住居地以外の在留カード記載事項の変更届出
この手続きに関しては入管法の19条の10に定められています。
『中長期在留者は、第19条の4第1項第1号に掲げる事項に変更を生じたときは、その変更を生じた日から14日以内に、法務省令で定める手続きにより、出入国管理庁長官に対し、変更の届出をしなければならない。』
『出入国在留管理庁長官は、前項の届出があった場合には、入国審査官に、当該中長期在留者に対し、新たな在留カードを交付させるものとする。』
大事なポイントをいくつか紹介します。
まず、今回の届出内容が『第19条の4第1項第1号に掲げる事項』に合致していなければなりません。具体的には『氏名、生年月日、性別及び国籍の属する国又は第2条第5号ロに規定する地域』に関する変更でないとなければならないという事です。
次の大事なポイントは、『変更が生じた日から14日以内』と提出期間が定められていることです。いつまでも変更の届出を出さず放置することの無いように注意してください。もし、この14日の提出期限を超えてしまったら、なぜ超えてしまったかの理由を記載した書類を提出しなくてはなりません。

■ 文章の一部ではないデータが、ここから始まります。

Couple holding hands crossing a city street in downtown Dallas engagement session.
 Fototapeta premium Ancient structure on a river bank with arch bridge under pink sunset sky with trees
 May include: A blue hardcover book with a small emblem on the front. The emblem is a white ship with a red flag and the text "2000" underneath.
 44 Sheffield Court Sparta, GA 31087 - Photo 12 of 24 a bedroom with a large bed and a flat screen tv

最後のポイントは『変更の届出をしなければならない』と、必ずしなければならないこととして書かれていることです。
ちなみに新しい在留カードの交付は、原則として即日です。
必要書類などに関しては、以下のサイトをご覧ください。
出入国在留管理庁ホームページ「住居地以外の在留カード記載事項の変更届」
私のような入管に届出をしている行政書士(いわゆる申請取次行政書士)も、本人の代わりに入管に届出を行うことができます。
まとめ
今回は入管に対して行う届出の一つ『住居地以外の在留カード記載事項の変更届出』について解説しました。
少しマニアックだと最初に書きましたが、なぜそう感じたかを最後に書いていきます。
まず一つ目として、日本人と結婚した外国人の方が、日本の苗字を名乗る場合には通称登録を行うこととなりますが、在留カードには通称は表記されませんのでこの手続きは発生しません。世界で見ても結婚後に「夫婦同氏制」を取っているのは日本だけだったと思いますので、外国人カップルが結婚しても氏名が変わるってことはあまりありません。
次に国籍が変わる場合についてですが、この手続き自体が日本に在留する中長期在留者を対象としていることから、国籍が変わるというと日本に帰化する方が多いと思います。そもそも日本に帰化すれば日本国籍となるため、在留カードは不要となります。よって、この手続きは必要ありません。
生年月日が変わるなんてなかなかお目にかかれないことだと思いますし、性別が変わるという場合も結構限られた条件だと思います。
これらの事からマニアックな手続きと考えました。
ただ、今回このコラムを書こうと思ったきっかけは、日本に住む外国人の方が日本以外の国籍を取得して、変わらず日本に住む予定だったからなんですよね。
なのでこのコラムは私の備忘録という訳です。